これに対し無帰還アンプは入力信号そのものを増幅する点が大きく異なります。無帰還アンプでは負帰還アンプのような補正動作はありませんので、構成する部品と動作点の設定に高い精度が要求されます。
また、イコライザー回路も当然CR型になるため、素子の音質が直接影響するため、高価な高音質部品を多用します。このように、コストがかかりますが、音質面では音楽の躍動感、ダイナミクス、陰影感の表現に優れるため、音楽ファンやオーディオファイルに強い支持を得ている増幅形式です。
本機は、後者の無帰還増幅を選択しているので、使用する部品の音質がダイレクトに影響します。そのためこのクラスでは唯一ともいえる、全てディスクリート部品による回路構成を採用しています。負帰還アンプと異なりNFBの量でゲインを決めるのではなく、増幅の動作点を変えることでゲインを決めていますので、MCもMMも同一の回路で増幅します。当然、フォノアンプにおいて音質に影響度の高いRIAAインピーダンス素子や信号系の主要部分には定格容量にゆとりを持たせた金属被膜抵抗器や高品質フィルムコンデンサーなど、定評ある高音質部品を厳選して使用しています。負帰還アンプとは違う「豊かな音の表情、躍動感と高S/N、卓越した空間表現の両立」が、上級機の負帰還アンプをも凌ぐレベルで達成されていることを、ご自分の耳でお確かめください。
回路基板のパターンや部品配置を、左右同一にするデュアルモノラルパターンレイアウトを採用、高度なレベルで左右チャンネルの均一化を実現しています。
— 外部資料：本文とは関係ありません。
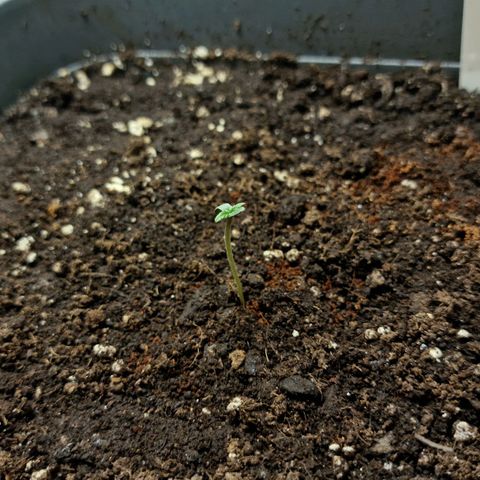 Wendy growlog timeline photo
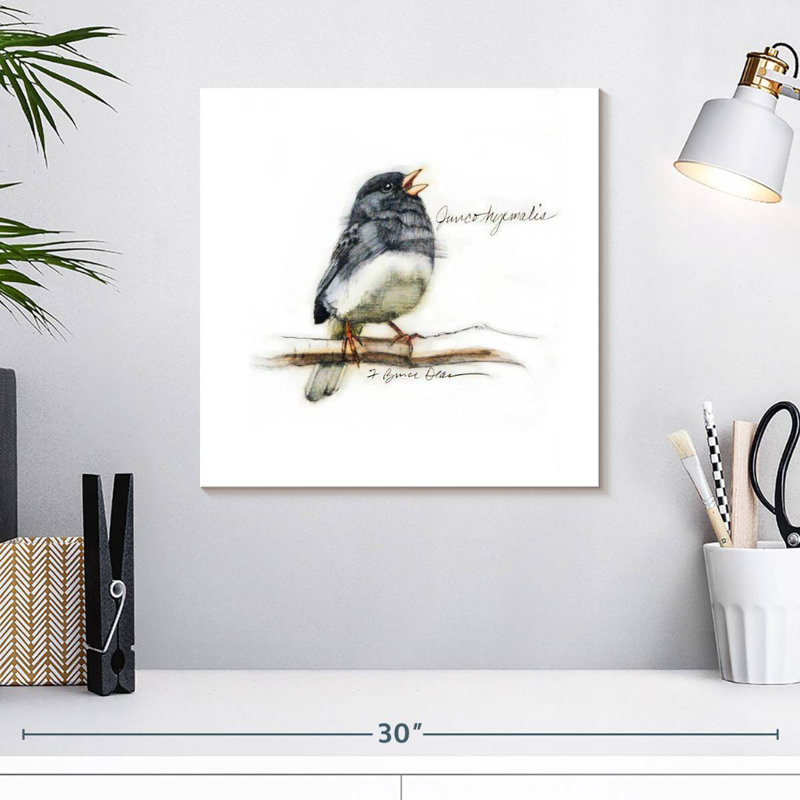 Junco II, 16" H x 16" W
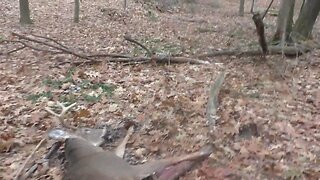 Wisconsin gun season (big buck down)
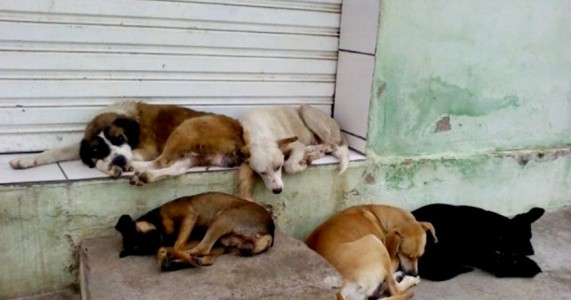 Programa de cuidado animal oferece castração gratuita de gatos e cães machos em Salgueiro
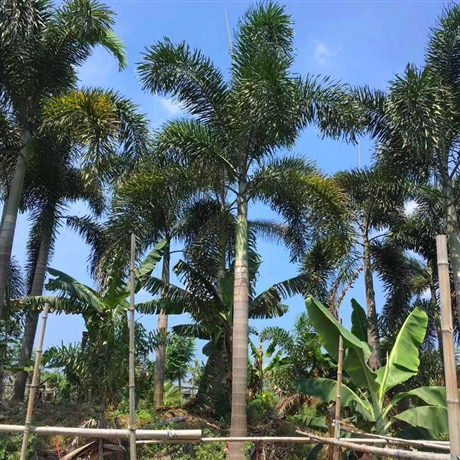 福建精品酒瓶椰子树 酒瓶椰子袋苗 移栽成活率高 酒瓶椰子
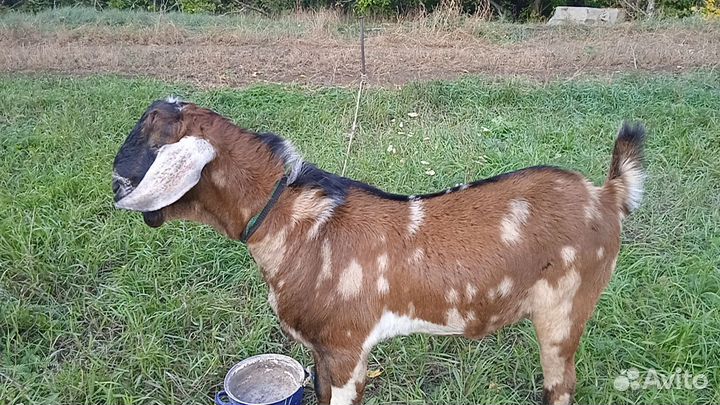 Коза и козёл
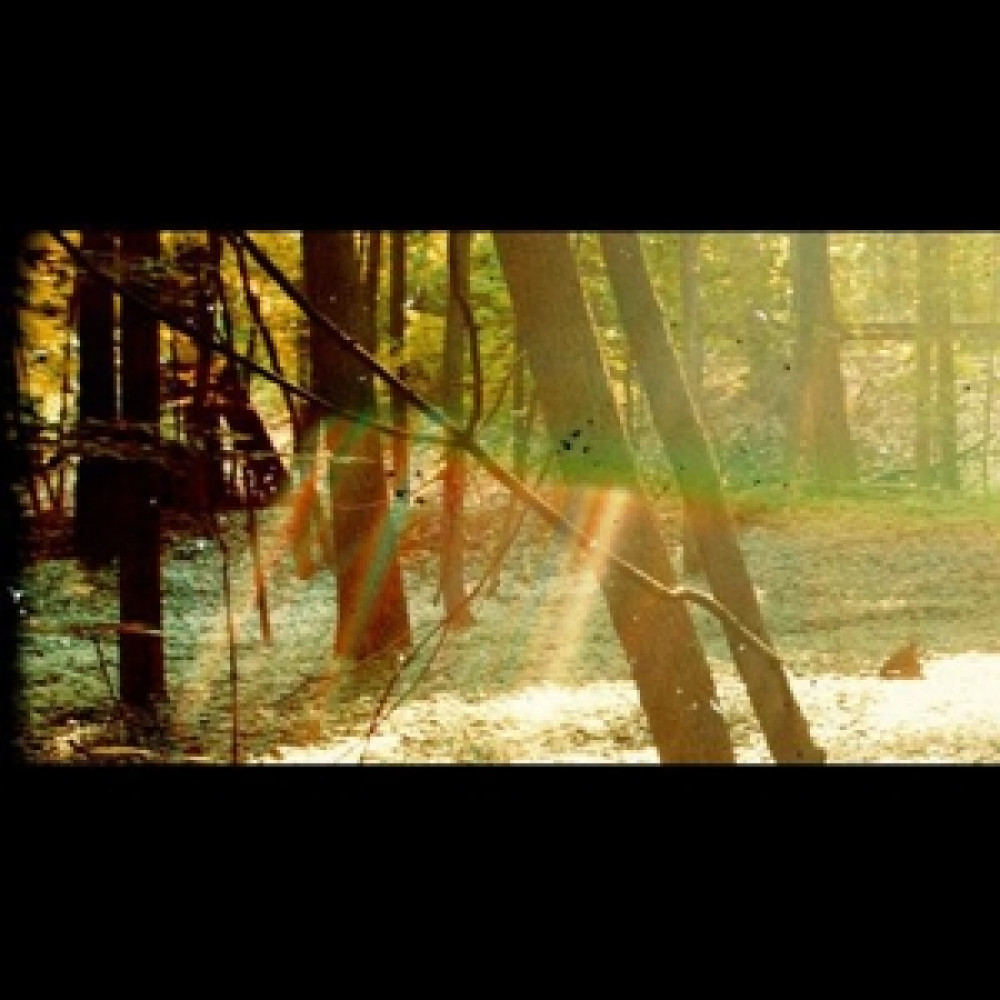 Виниловая пластинка Childish Gambino  - Camp, 89111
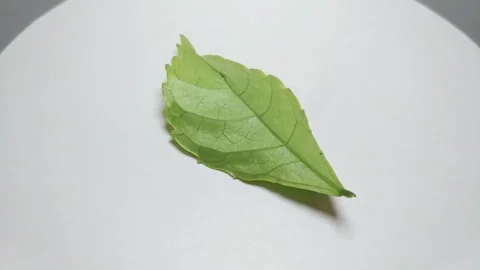 Fresh leaves4 Stock Footage 332233128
さらには、余分なアクセサリー機能を排し、微弱なフォノ信号をアンプに直接入力するシンプルな構成にしています。
一見オーバースペックとも思われる程の大容量Rコアトランスと、大幅に定格を高めたファーストリカバリーダイオード、低雑音ツェナーダイオードなどを使用した極めてローノイズの左右独立電源回路を搭載。
共通電源インピーダンスのない電源供給を行うことで、チャンネルセパレーション90dB以上(20Hz〜20kHz)を実現しています。
微弱な信号を増幅するフォノアンプでは、信号の純度を守るために、他からの妨害を受けない強固なシャーシ構造の実現とシンプルな信号伝達が求められます。本機のシャーシベース、トップカバー、電源部と信号部を分離するセパレーターは、それぞれ1.6mm厚の鋼板に銅メッキを施した上に防振塗装を施した特殊鋼板が使用されています。
本機は、比較的小型のシャーシサイズと8mm厚のアルミ材フロントパネルの相乗効果で、高い剛性の確保と磁気ひずみの軽減を実現しています。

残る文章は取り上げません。